Karl Ludwig Maria Joseph Anselm Andreas Fürst Fugger von Babenhausen (4 February 1829 – 12 May 1906) was a German nobleman of the Fugger family. He was styled Count until the death of his brother in 1885, when he became the titular Prince of the Principality of Babenhausen, which had been mediatized to the Kingdom of Bavaria in 1806, (Note: Karl was also Hereditary Count Fugger of Babenhausen, Lord of Boas, Heimertingen, Wald, Wellenberg, Count of Kirchberg, etc.) in what is now the Landkreis Unterallgäu.

==Early life==
Karl was born on 4 February 1829 in Babenhausen. He was the second son of Anton, 2nd Prince Fugger von Babenhausen (1800–1836) and Princess Franziska of Hohenlohe-Bartenstein-Jagtsberg (1807–1873). Among his siblings were Leopold Fugger von Babenhausen (who married Countess Anna von Gatterburg), and Count Friedrich Fugger von Babenhausen (who married Baroness Maria von Gudenus).
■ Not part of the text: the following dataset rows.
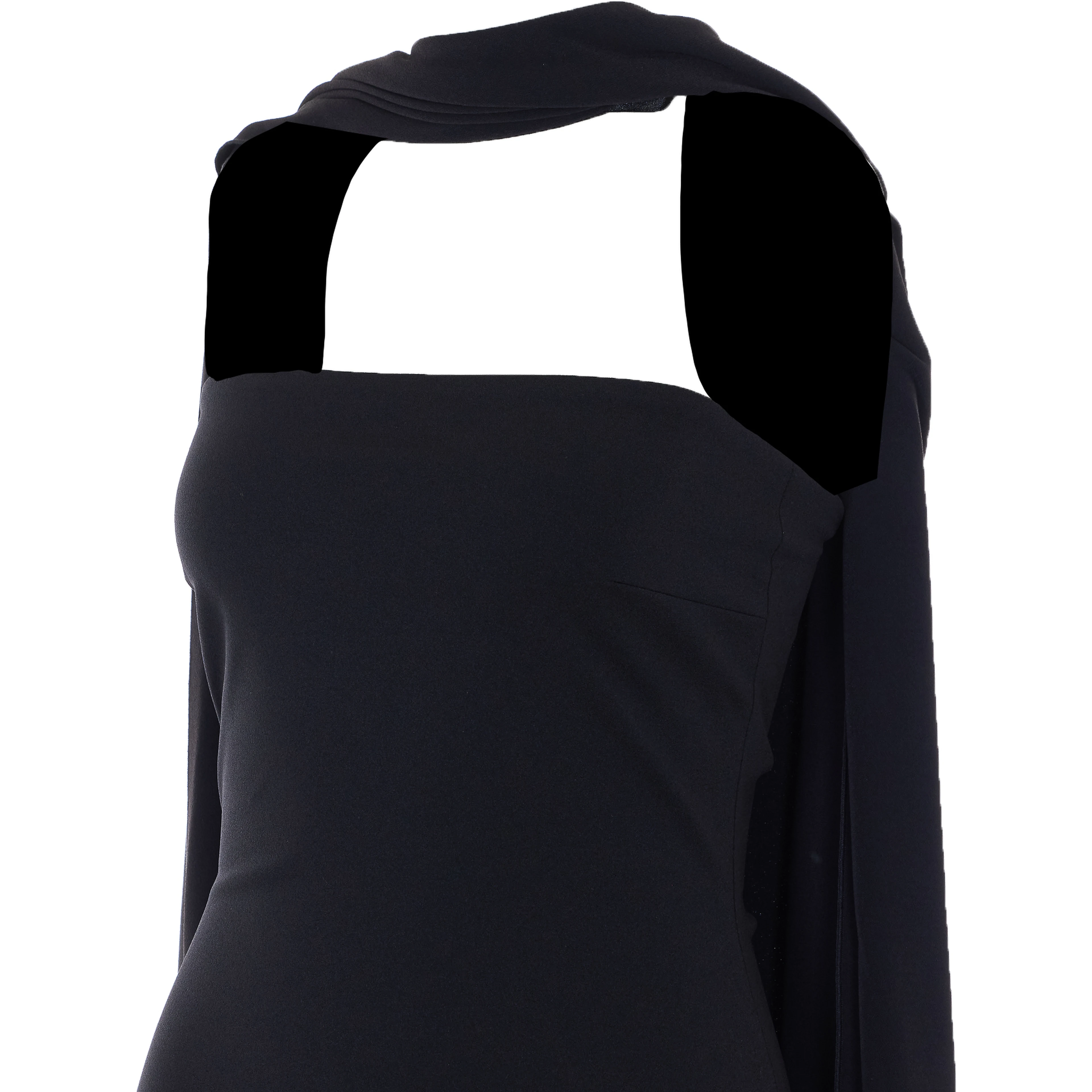 Solace London Black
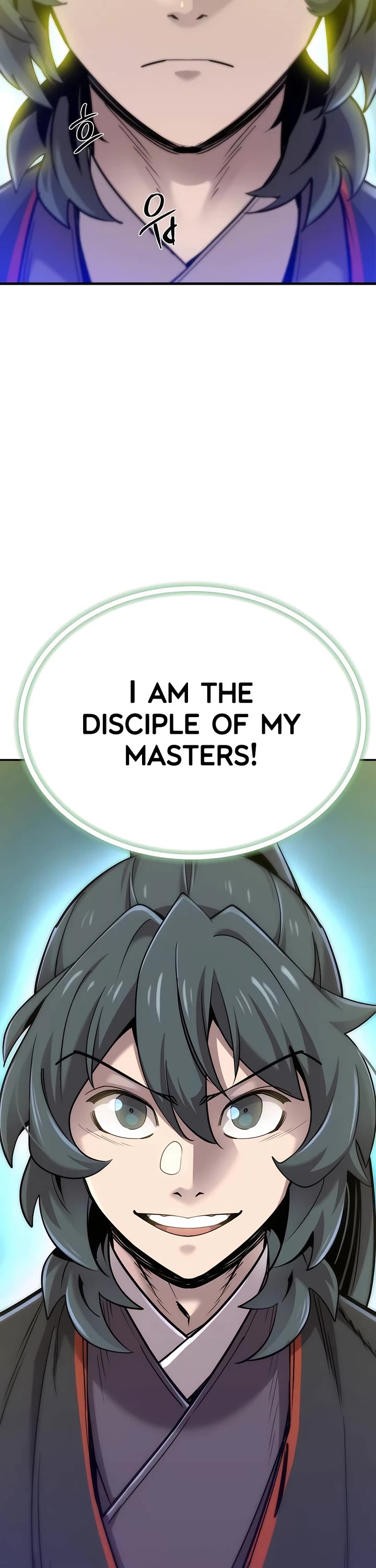 The Masters Have Subscribed Chapter 13 page 48 - Chapter 13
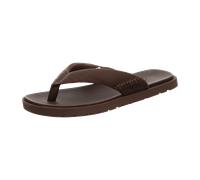 UGG M SEASIDE II FLIP für Herren, braun, Größe 43 ½ EU / 10,5 UK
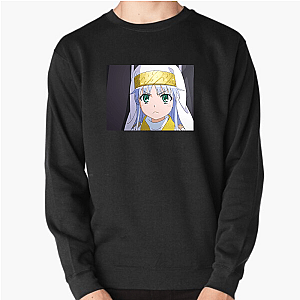 A Certain Magical Index Where Abilities Clash A Certain Magical Index Sweatshirts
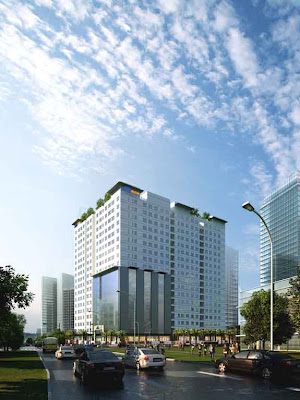 CAN HO BABYLON | CAN HO BABYLON TAN PHU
His paternal grandparents were Anselm, 1st Prince Fugger von Babenhausen and Countess Maria Antonia Elisabetha von Waldburg zu Zeil-Wurzach. His maternal grandparents were Charles Joseph, 1st Prince of Hohenlohe-Jagstberg and Duchess Henriette of Württemberg (the youngest daughter of Louis Eugene, Duke of Württemberg, reigning Duke of Württemberg).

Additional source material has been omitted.